The committee's Senate chair, Patricia Jehlen, who first saw the rewrite less than 12 hours beforehand, lambasted it.
"Mr. Chairman, I would like to say that this proposed bill directly assaults the will of the voters and is a prescription for increasing the illicit market," she said.
Jehlen pointed out the way the bill was written, taxes on marijuana would be 55 percent — not the 28 percent claimed in the House summary. That 28 percent cap is already a steep increase from the voter-approved law currently on the books, which allows for taxes on recreational marijuana up to 12 percent.
"The tax rate will be the highest in the country. Compounded — 21 percent tax on growers, 21 percent tax on manufacturers and 28 percent at the retail level — will be the highest by far in the country," she said.

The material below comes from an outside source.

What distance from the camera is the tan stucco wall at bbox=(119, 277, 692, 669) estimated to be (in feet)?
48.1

While differences between the House and Senate are always to be expected, even House Democrats appeared lukewarm to the proposal.
Holyoke state Rep. Aaron Vega, a Democrat, said he doesn't like the high tax or that the bill would take decisions to ban marijuana businesses in cities and towns away from voters, and instead leave them up to local officials. The existing law requires the question of a ban be put before local voters.
"It's with deep reservation that I will be supporting this out of committee, but I will not at all hesitate to vote no on the floor if this bill continues in its shape in the form that it is," he said. "And I will encourage my colleagues as well, if things are not adjusted, to vote no on the floor."
Democratic House members met in a closed-door caucus later Wednesday afternoon for more than an hour and a half to express their concerns. When it was over, DeLeo announced a delay in the vote.
"There are certain things that we have to clear up," he said. "And so because of that, I think it's important that with a bill of this magnitude that we try to get it right, or as close as right, the first time. And so I'd rather do that than rush it, or try to rush it through."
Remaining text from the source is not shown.